• _Directions for this task_
Go over the lines below, and when one contains the word "floral", copy it.
- - -
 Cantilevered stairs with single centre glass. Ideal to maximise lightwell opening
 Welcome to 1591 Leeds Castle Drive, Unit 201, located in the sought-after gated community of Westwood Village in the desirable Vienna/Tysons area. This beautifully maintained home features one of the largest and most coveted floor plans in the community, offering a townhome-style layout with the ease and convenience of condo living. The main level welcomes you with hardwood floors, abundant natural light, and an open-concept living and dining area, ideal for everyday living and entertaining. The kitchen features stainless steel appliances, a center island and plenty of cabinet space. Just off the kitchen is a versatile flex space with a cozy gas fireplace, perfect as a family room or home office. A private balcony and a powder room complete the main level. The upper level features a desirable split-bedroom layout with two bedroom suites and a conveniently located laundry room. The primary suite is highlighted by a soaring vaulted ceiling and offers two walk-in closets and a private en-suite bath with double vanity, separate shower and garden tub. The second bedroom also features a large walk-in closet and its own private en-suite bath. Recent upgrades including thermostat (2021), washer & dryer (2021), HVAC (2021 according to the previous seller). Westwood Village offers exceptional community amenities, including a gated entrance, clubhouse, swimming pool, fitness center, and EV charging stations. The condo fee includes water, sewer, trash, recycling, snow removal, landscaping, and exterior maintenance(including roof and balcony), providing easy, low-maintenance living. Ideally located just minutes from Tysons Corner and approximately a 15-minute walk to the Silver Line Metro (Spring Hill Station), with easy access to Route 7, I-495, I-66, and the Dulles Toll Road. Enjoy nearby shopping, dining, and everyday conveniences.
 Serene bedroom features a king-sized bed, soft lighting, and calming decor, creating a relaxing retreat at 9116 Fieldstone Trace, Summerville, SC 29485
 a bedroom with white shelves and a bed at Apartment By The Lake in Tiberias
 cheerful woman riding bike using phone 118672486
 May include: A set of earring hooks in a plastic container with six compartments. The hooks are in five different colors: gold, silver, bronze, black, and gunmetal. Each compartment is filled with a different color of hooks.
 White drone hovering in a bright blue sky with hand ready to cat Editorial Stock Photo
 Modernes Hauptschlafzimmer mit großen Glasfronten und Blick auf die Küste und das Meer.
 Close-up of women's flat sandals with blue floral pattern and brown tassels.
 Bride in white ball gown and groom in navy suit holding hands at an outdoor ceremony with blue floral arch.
- - -
• _Answer for this exercise_
 Close-up of women's flat sandals with blue floral pattern and brown tassels.
 Bride in white ball gown and groom in navy suit holding hands at an outdoor ceremony with blue floral arch.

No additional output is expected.